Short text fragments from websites

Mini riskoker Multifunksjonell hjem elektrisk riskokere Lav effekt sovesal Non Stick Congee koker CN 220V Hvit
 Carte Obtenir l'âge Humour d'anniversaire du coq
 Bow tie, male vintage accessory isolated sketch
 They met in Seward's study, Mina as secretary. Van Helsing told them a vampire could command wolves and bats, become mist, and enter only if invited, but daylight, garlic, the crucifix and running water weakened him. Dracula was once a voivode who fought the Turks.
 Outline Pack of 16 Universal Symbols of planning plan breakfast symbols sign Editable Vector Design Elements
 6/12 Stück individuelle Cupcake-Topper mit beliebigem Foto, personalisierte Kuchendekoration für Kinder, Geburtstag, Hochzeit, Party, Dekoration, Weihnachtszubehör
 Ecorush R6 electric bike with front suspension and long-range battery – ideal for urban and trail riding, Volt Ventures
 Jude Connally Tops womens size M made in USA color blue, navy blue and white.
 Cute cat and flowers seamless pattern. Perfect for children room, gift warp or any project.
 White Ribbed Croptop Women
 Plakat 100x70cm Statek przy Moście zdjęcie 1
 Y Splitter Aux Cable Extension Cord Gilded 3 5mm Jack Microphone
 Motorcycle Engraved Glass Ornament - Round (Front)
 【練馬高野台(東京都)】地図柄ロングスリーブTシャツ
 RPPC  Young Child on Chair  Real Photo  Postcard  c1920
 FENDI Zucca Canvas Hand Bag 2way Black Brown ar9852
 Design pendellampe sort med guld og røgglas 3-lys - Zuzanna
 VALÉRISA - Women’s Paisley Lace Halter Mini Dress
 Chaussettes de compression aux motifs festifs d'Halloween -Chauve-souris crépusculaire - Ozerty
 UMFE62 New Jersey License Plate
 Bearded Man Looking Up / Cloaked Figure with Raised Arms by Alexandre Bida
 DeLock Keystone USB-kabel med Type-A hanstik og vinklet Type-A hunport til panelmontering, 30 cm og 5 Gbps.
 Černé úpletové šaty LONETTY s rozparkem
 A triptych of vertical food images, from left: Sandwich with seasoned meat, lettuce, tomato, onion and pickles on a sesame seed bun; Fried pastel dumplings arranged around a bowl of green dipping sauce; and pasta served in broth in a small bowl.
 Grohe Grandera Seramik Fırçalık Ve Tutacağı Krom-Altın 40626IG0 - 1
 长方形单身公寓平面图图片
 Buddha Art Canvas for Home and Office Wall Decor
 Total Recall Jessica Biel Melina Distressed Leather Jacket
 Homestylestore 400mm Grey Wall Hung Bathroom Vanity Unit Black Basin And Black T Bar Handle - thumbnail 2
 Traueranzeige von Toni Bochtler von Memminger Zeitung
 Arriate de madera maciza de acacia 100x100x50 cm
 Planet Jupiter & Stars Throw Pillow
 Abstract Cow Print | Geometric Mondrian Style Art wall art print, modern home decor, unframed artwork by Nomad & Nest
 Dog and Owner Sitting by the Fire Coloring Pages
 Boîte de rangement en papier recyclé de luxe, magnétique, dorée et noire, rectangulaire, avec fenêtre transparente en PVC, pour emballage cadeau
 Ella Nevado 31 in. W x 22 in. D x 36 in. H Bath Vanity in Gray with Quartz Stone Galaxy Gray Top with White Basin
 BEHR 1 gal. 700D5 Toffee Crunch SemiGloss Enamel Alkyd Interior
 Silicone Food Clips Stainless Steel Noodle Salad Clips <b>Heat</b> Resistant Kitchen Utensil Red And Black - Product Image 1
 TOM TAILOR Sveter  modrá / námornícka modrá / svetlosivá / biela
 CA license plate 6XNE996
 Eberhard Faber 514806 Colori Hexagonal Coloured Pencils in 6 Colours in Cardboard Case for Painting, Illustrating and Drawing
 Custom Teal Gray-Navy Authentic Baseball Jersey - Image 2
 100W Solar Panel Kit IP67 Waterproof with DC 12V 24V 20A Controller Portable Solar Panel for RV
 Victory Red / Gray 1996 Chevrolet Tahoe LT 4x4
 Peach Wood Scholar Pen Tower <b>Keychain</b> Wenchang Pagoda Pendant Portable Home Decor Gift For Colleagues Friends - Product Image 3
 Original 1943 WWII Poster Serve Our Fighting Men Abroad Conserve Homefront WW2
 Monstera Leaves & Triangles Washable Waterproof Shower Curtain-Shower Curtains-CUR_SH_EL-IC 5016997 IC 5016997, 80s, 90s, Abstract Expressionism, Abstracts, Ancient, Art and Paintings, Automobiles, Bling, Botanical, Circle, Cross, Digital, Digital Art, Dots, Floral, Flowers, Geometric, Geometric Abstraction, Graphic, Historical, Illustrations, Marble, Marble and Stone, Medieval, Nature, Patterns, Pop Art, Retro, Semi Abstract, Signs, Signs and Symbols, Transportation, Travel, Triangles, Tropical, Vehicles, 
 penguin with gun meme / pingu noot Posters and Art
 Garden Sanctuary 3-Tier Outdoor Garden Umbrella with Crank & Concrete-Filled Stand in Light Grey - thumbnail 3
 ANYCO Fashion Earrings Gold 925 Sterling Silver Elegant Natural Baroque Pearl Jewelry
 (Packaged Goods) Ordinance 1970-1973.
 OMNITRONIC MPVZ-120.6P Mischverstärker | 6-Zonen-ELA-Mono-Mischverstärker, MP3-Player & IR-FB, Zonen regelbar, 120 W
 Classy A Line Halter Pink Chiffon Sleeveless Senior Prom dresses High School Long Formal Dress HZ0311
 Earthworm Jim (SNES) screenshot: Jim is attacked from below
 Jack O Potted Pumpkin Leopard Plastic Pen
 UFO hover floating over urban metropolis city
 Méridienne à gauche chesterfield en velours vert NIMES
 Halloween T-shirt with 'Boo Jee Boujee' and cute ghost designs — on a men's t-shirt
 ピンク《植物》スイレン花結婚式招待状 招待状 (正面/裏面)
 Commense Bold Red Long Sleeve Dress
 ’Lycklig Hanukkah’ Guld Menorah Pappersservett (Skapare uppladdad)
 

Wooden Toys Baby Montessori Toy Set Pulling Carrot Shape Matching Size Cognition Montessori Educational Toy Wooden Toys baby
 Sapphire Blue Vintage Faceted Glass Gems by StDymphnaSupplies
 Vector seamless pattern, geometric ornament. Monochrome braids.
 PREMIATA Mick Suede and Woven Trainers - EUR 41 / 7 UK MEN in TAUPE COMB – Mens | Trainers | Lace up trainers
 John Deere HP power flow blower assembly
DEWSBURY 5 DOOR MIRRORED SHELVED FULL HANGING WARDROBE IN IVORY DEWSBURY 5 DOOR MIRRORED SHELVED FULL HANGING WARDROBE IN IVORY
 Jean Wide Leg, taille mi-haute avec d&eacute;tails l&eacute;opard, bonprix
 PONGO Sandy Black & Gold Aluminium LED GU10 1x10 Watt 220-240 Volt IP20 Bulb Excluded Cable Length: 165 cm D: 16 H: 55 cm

WORK INSTRUCTION
Send back, unchanged, every line of the records from the one with "OMNITRONIC MPVZ-120.6P Mischverstärker" through the last.

SOLUTION TO THIS TASK
 OMNITRONIC MPVZ-120.6P Mischverstärker | 6-Zonen-ELA-Mono-Mischverstärker, MP3-Player & IR-FB, Zonen regelbar, 120 W
 Classy A Line Halter Pink Chiffon Sleeveless Senior Prom dresses High School Long Formal Dress HZ0311
 Earthworm Jim (SNES) screenshot: Jim is attacked from below
 Jack O Potted Pumpkin Leopard Plastic Pen
 UFO hover floating over urban metropolis city
 Méridienne à gauche chesterfield en velours vert NIMES
 Halloween T-shirt with 'Boo Jee Boujee' and cute ghost designs — on a men's t-shirt
 ピンク《植物》スイレン花結婚式招待状 招待状 (正面/裏面)
 Commense Bold Red Long Sleeve Dress
 ’Lycklig Hanukkah’ Guld Menorah Pappersservett (Skapare uppladdad)
 

Wooden Toys Baby Montessori Toy Set Pulling Carrot Shape Matching Size Cognition Montessori Educational Toy Wooden Toys baby
 Sapphire Blue Vintage Faceted Glass Gems by StDymphnaSupplies
 Vector seamless pattern, geometric ornament. Monochrome braids.
 PREMIATA Mick Suede and Woven Trainers - EUR 41 / 7 UK MEN in TAUPE COMB – Mens | Trainers | Lace up trainers
 John Deere HP power flow blower assembly
DEWSBURY 5 DOOR MIRRORED SHELVED FULL HANGING WARDROBE IN IVORY DEWSBURY 5 DOOR MIRRORED SHELVED FULL HANGING WARDROBE IN IVORY
 Jean Wide Leg, taille mi-haute avec d&eacute;tails l&eacute;opard, bonprix
 PONGO Sandy Black & Gold Aluminium LED GU10 1x10 Watt 220-240 Volt IP20 Bulb Excluded Cable Length: 165 cm D: 16 H: 55 cm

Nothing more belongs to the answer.